Otros de los pocos condenados han comenzado a pedir esta medida de libertad vigilada. Pero lo que es más grave, alerta Burt, es que en lo que va de este año “la Corte Suprema ha anulado dos sentencias condenatorias y ha liberado a los imputados”.

“El proceso de judicialización ha avanzado con logros pequeños pero simbólicamente muy importantes, lo cual ha generado una suerte de reacción de un sector de las fuerzas armadas, que se ve involucrado directamente en esos casos, y de sectores políticos y conservadores”, admite la activista de WOLA.

En el segundo gobierno de Alan García (2006-2011), bajo cuyo primer mandato (entre 1985 y 1990) se produjeron graves violaciones a los derechos humanos, hubo “una serie de pronunciamientos desde el poder alegando que había una persecución penal a las fuerzas armadas librada por los organismos de derechos humanos. Incluso acusaban a los abogados de esos casos de ser prototerroristas”.

Tras la llegada al poder en 2011 de Ollanta Humala, exmilitar con un discurso de izquierda, ese tipo de ataques directos a los procesos de justicia y a las ONG se ha calmado, agrega Burt. “Pero lo que hay es un proceso calladito donde hay mucha presión para archivar casos, para absolver a los imputados y minimizar esos procesos”.

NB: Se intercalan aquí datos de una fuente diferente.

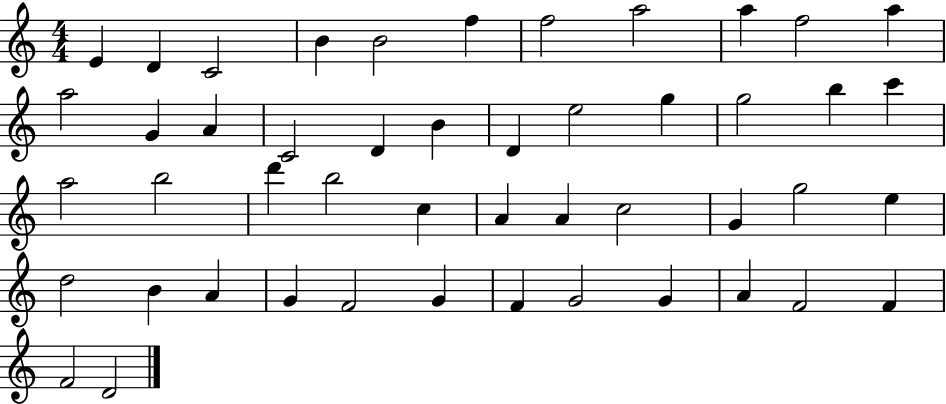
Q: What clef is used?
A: treble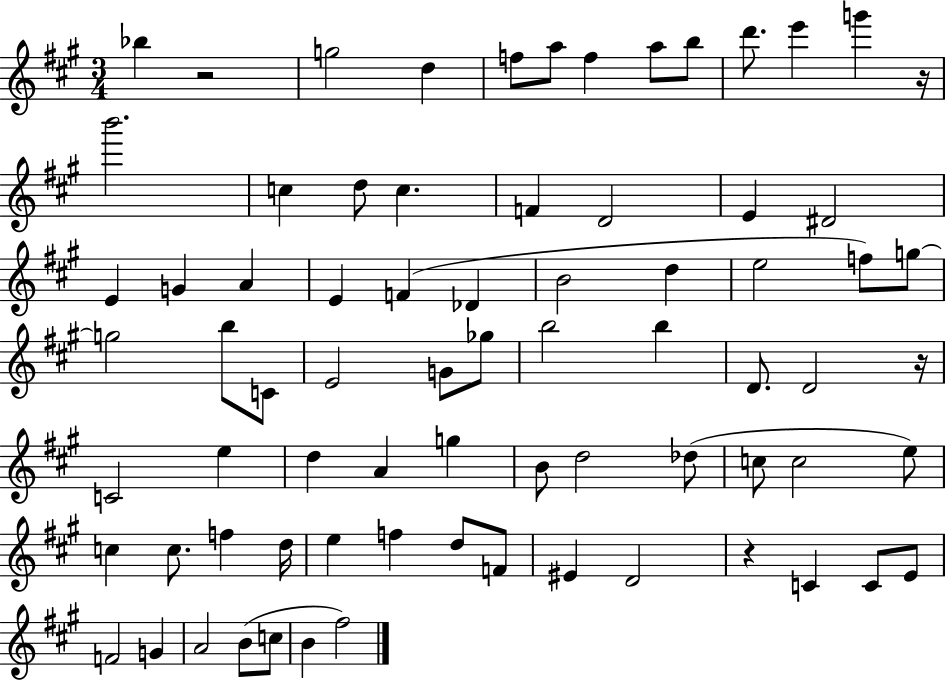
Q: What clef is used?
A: treble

El propio Humala fue acusado en 2006 por dos víctimas, durante su primera campaña por la Presidencia, de estar implicado en torturas y asesinatos cuando era capitán en una base militar del norte del país en 1992. Sin embargo, estas dos personas se retractaron sin que se llegaran a saber los verdaderos motivos.

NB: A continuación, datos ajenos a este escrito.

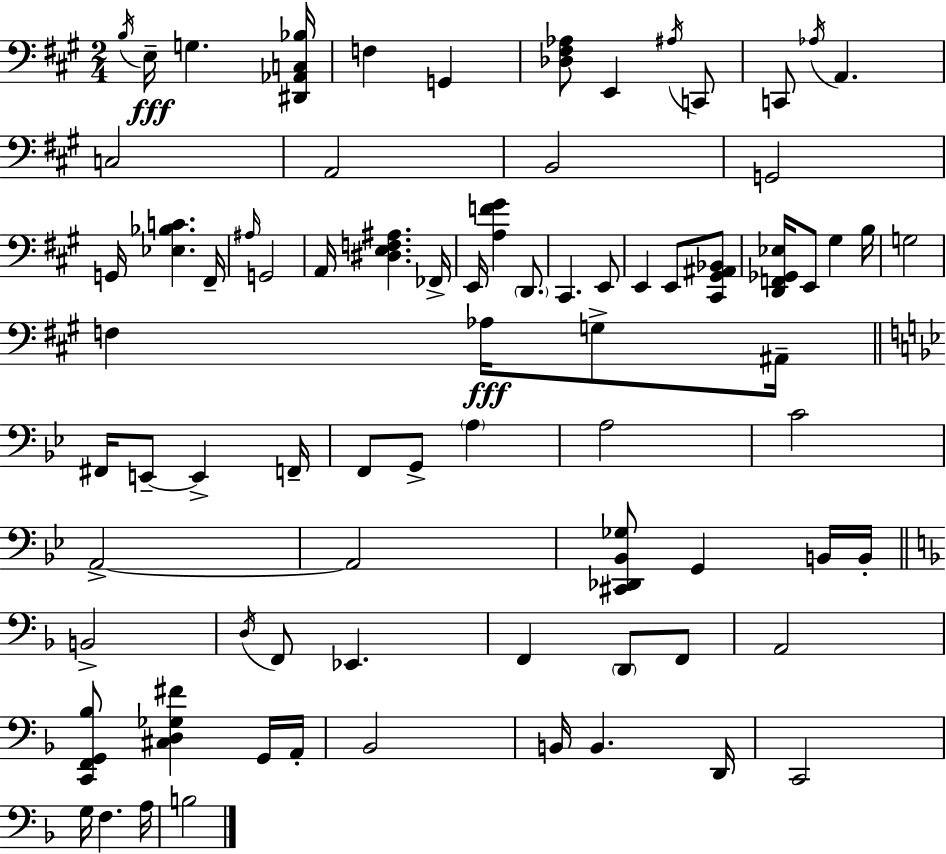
X:1
T:Untitled
M:2/4
L:1/4
K:A
B,/4 E,/4 G, [^D,,_A,,C,_B,]/4 F, G,, [_D,^F,_A,]/2 E,, ^A,/4 C,,/2 C,,/2 _A,/4 A,, C,2 A,,2 B,,2 G,,2 G,,/4 [_E,_B,C] ^F,,/4 ^A,/4 G,,2 A,,/4 [^D,E,F,^A,] _F,,/4 E,,/4 [A,F^G] D,,/2 ^C,, E,,/2 E,, E,,/2 [^C,,^G,,^A,,_B,,]/2 [D,,F,,_G,,_E,]/4 E,,/2 ^G, B,/4 G,2 F, _A,/4 G,/2 ^A,,/4 ^F,,/4 E,,/2 E,, F,,/4 F,,/2 G,,/2 A, A,2 C2 A,,2 A,,2 [^C,,_D,,_B,,_G,]/2 G,, B,,/4 B,,/4 B,,2 D,/4 F,,/2 _E,, F,, D,,/2 F,,/2 A,,2 [C,,F,,G,,_B,]/2 [^C,D,_G,^F] G,,/4 A,,/4 _B,,2 B,,/4 B,, D,,/4 C,,2 G,/4 F, A,/4 B,2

La última afrenta que han sufrido las víctimas fue el nombramiento en junio pasado de Daniel Urresti como ministro de Interior. El nuevo responsable de la policía nacional es un militar que está siendo investigado por su presunta participación en el asesinato del periodista Hugo Bustíos en 1988 en Ayacucho. Dos militares ya fueron condenados en 2007 por ese crimen, aunque la sentencia establecía que se debía seguir indagando porque había más culpables.

Dos antiguos militares, incluido uno de los dos ya condenados, han apuntado a Urresti como responsable del comando que mató a Bustíos, pero el caso está ahora atascado en el Ministerio Público, en espera de que el fiscal encargado presente la acusación formal, algo que en teoría debería haberse producido el mes pasado.

Ortiz considera este hecho como una prueba de que al actual gobierno “no le importan los derechos humanos”. Recuerda que el presidente prometió durante su campaña acabar con la impunidad para estos casos y reparar a todas las víctimas. Sin embargo, “por un lado no hay justicia, por otro lado no se cuidan los sitios de entierro, nadie va a buscar a los desaparecidos, no se repara económicamente de manera digna a las víctimas… no ha cumplido con nada”, le reprocha.